Savitri dejó de balancearse.

—¿Conseguiste que dijera que sí?

—Al principio no —admití—. Pero fui persuasivo. Y lo convencí de que al menos de esta forma se te obligará a ayudar a la gente en vez de a molestarla.

—Rohit Kulkarni —dijo Savitri—. Qué buena persona.

—Tiene sus momentos —concedí—. Pero al final dio su aprobación. Así que di que sí y el empleo es tuyo. Y también el sillón.

—Tengo clarísimo que no quiero tu sillón.

—Vale, pero entonces no tendrás nada para recordarme.
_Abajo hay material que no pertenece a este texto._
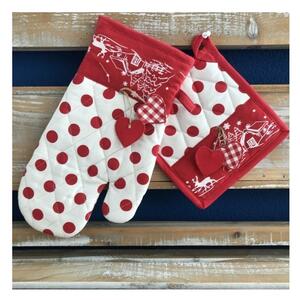 Guanto per forno + presina Natale rosso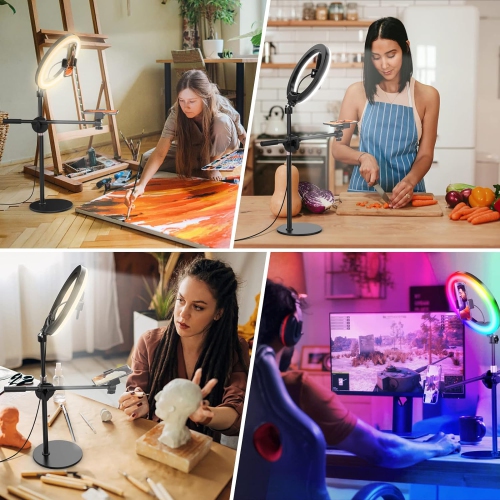 Overhead Phone Mount with Ring Light for Video Recording, Cooking Filming. Content Creator Kit with 10.5 Ringlight, Desk Stand and 2 Phone Holder,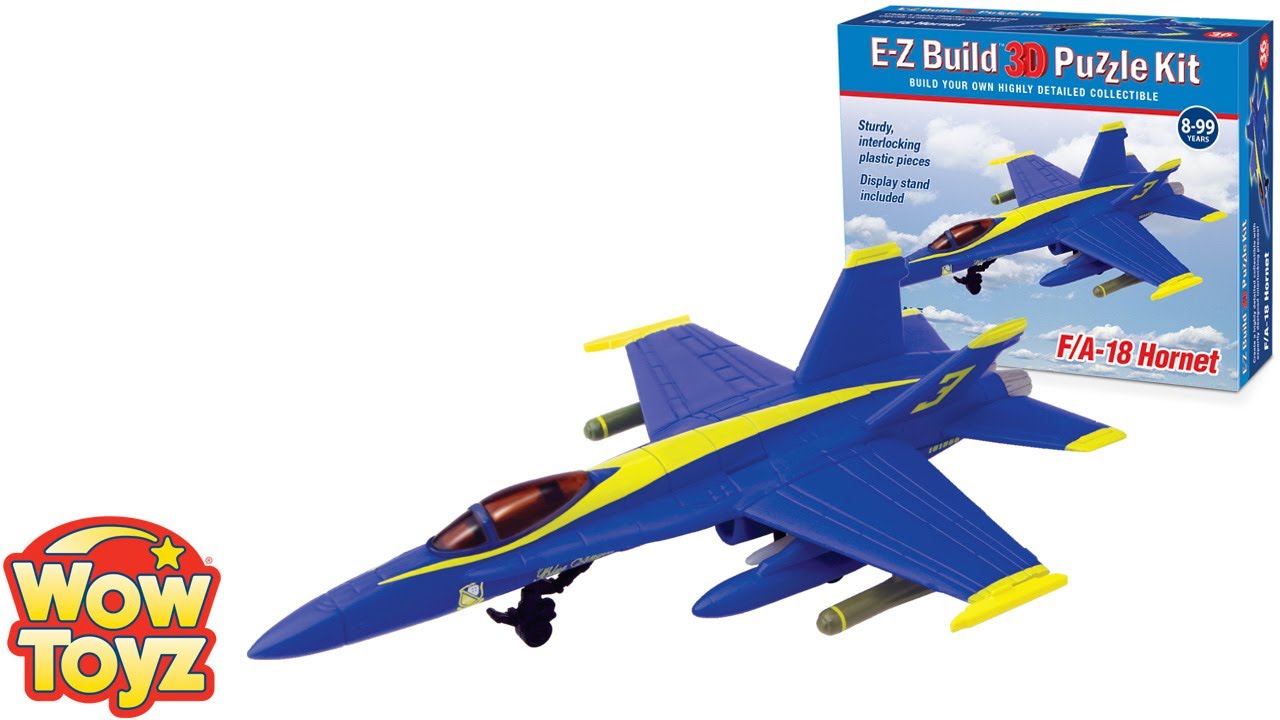 WowToyz F/A-18 Hornet Blue Angels E-Z Build 3D Puzzle Kit - YouTube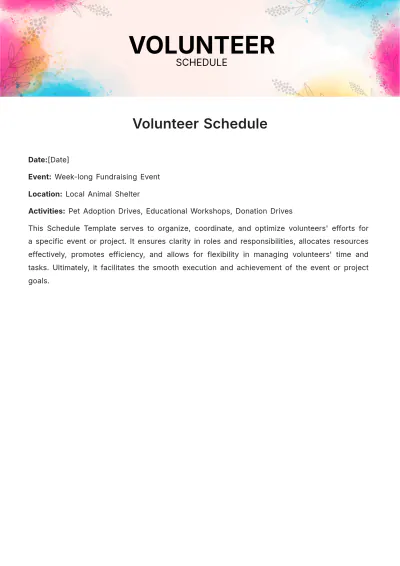 Free Volunteer Schedule Template to Edit Online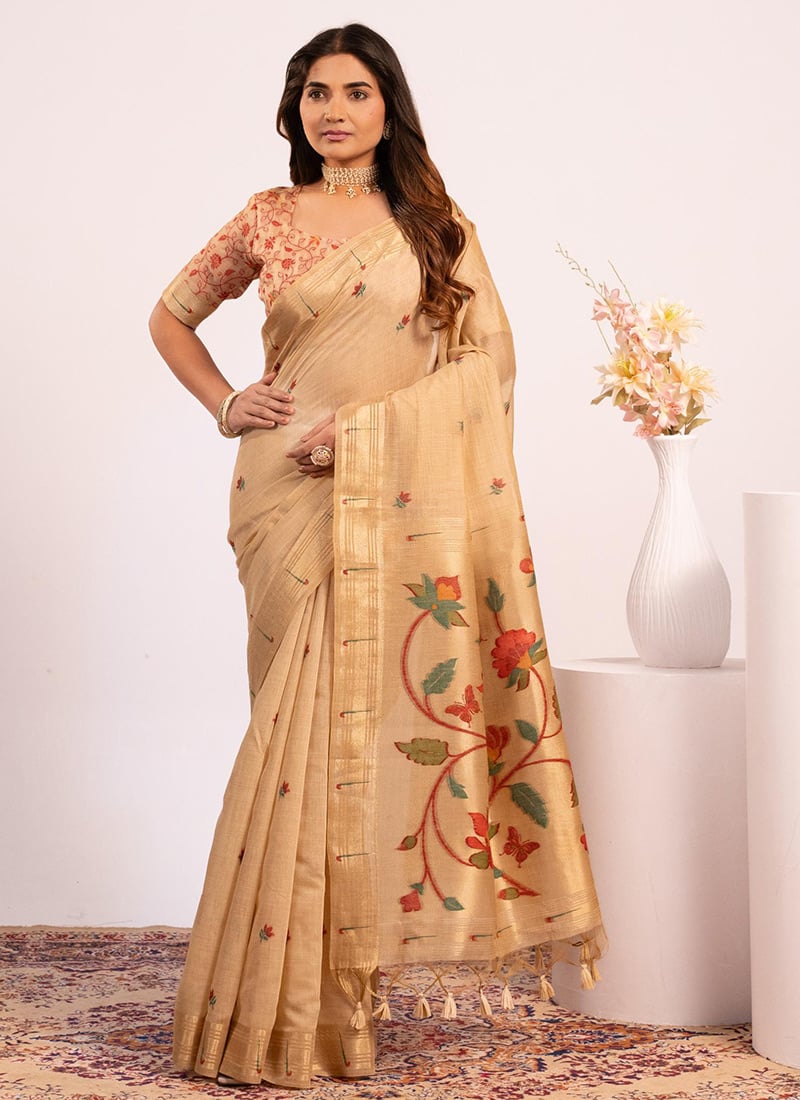 Elegant Beige Muga Cotton Printed Paithani Woven Saree After Six Wear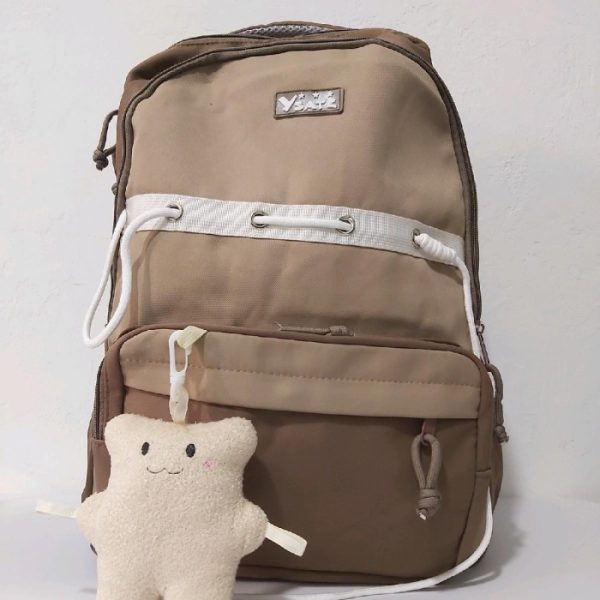 Tas Ransel Korea Tas Kuliah Ala Korea Tas Backpack Wanita Tas Impor Perempuan Tas Kuliahan Aesthetic #TSR0021 - Coklat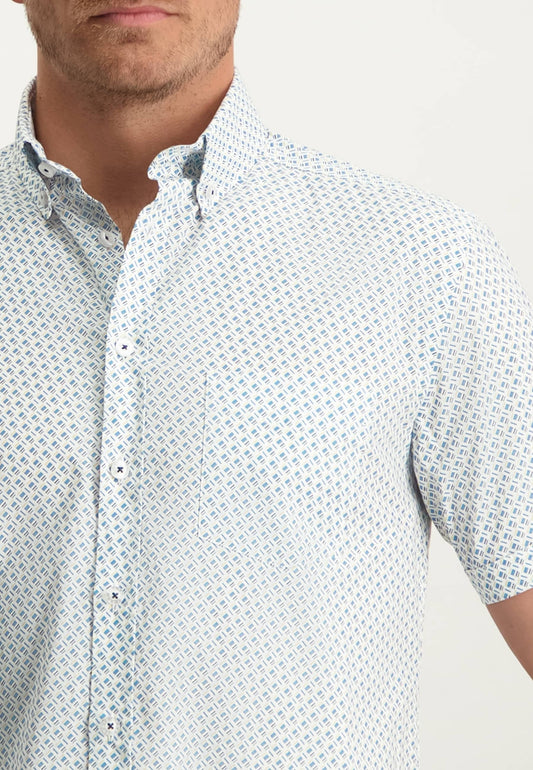 Geee katoenen regular fit overhemd met korte mouw en print State of Art - 13286/1121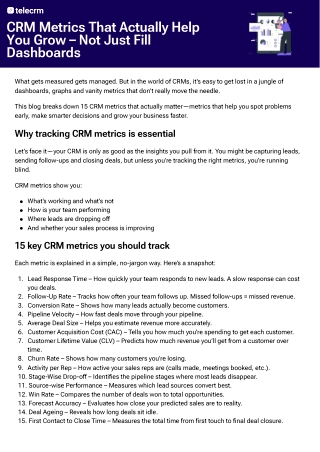 crm metrics that actually help you grow not just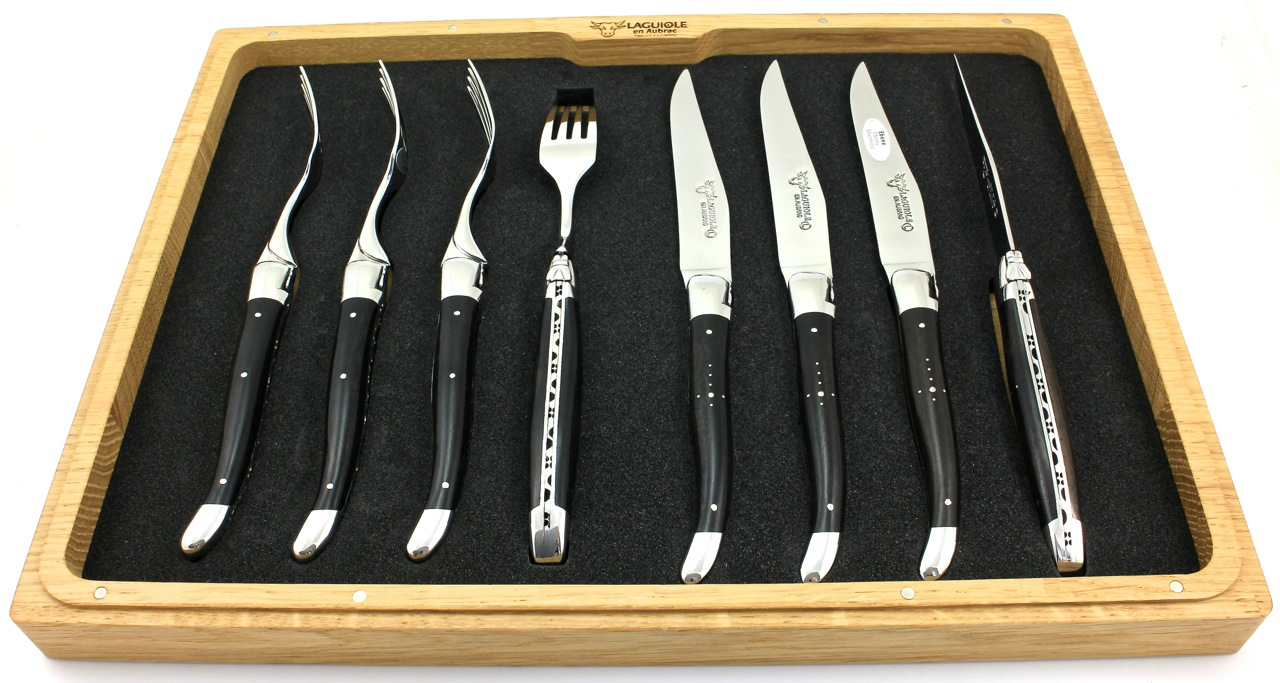 8er-Box-EBI-3 Laguiole en Aubrac 8-teiliges Laguiole Besteckset Ebenholz für 4 Personen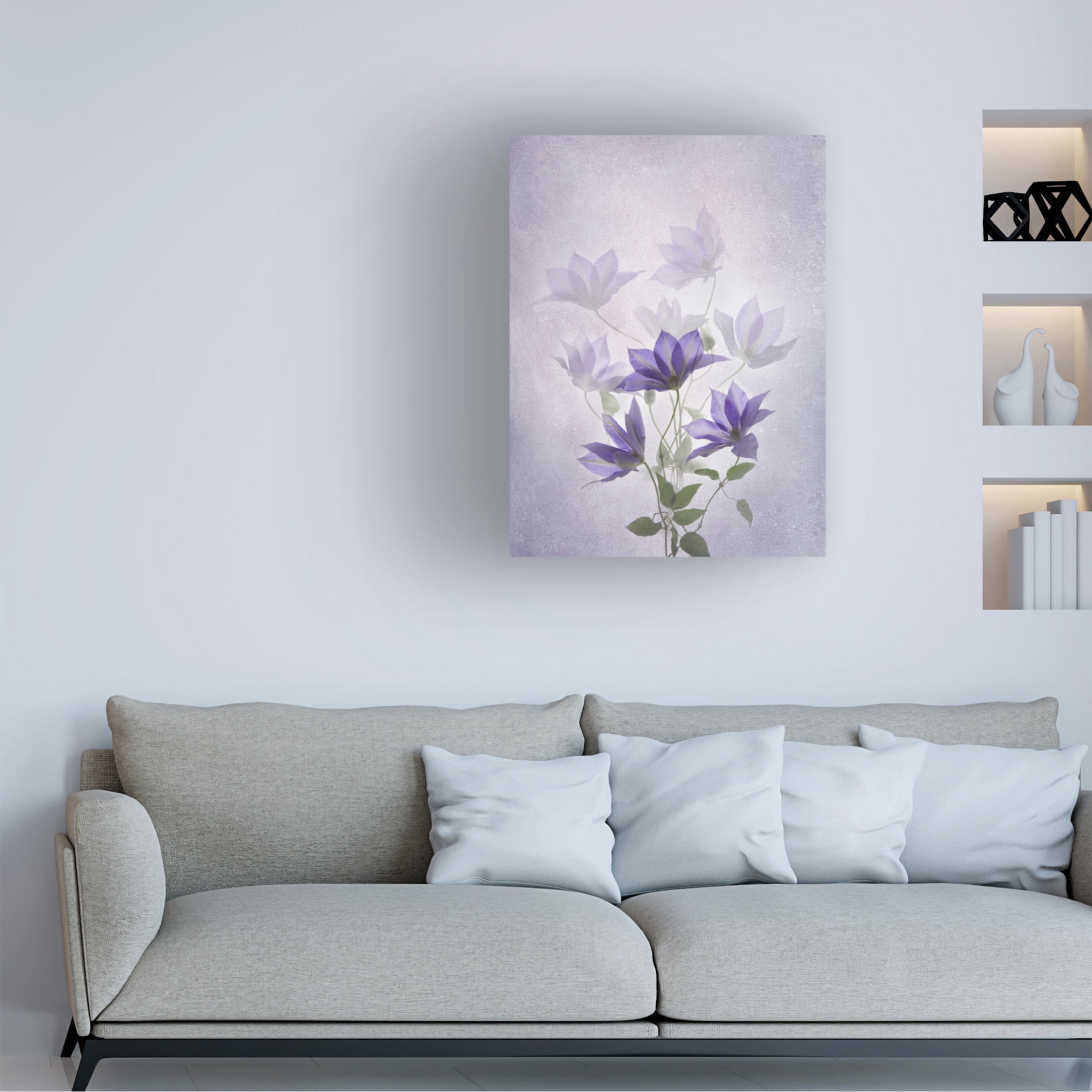 Trademark Fine Art Binbin L  Purple Clematis Canvas Wall Art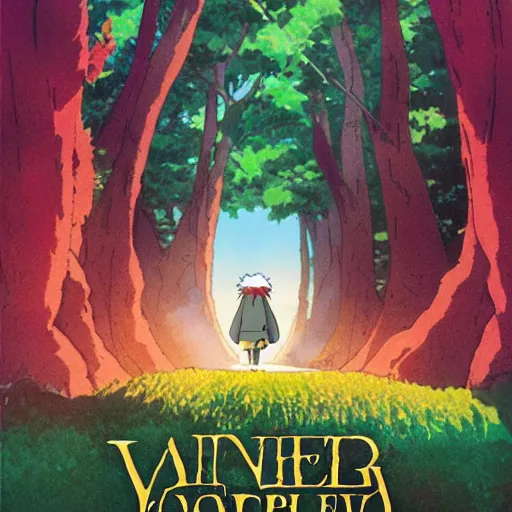 Image similar to anime movie poster for a wandering rabbit in a mysterious forest, studio ghibli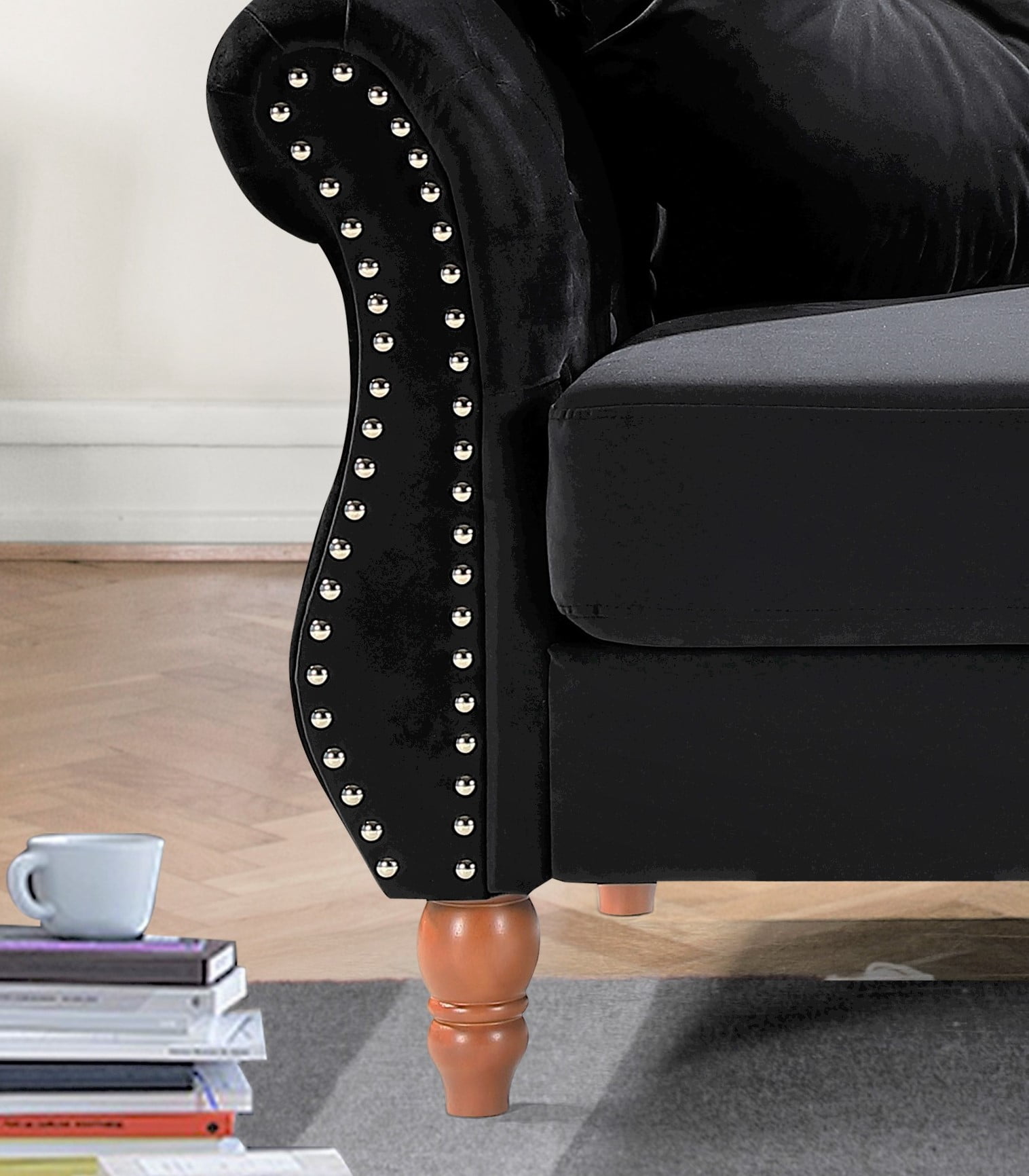 Uspridefurniture Wymore 79.5'' Velvet Rolled Arm Sofa, Black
—Tampoco quiero el empleo —dijo Savitri.

—¿Qué?

—He dicho que no quiero el empleo. Cuando descubrí que te marchabas, me puse a buscar otro trabajo. Y encontré uno.

—¿De qué?

—Es otro trabajo de ayudante.

—Pero podrías ser defensora del pueblo.

—Oh, sí, defensora del pueblo en Nueva Goa —dijo Savitri, y entonces advirtió mi expresión: después de todo, ése había sido mi empleo—. No te ofendas. Tú aceptaste este cargo después de haber visto el universo. Yo llevo toda la vida en la misma aldea. Tengo casi treinta años. Es hora de marcharme.

—¿Has encontrado trabajo en Missouri City? —dije yo, nombrando la capital del distrito.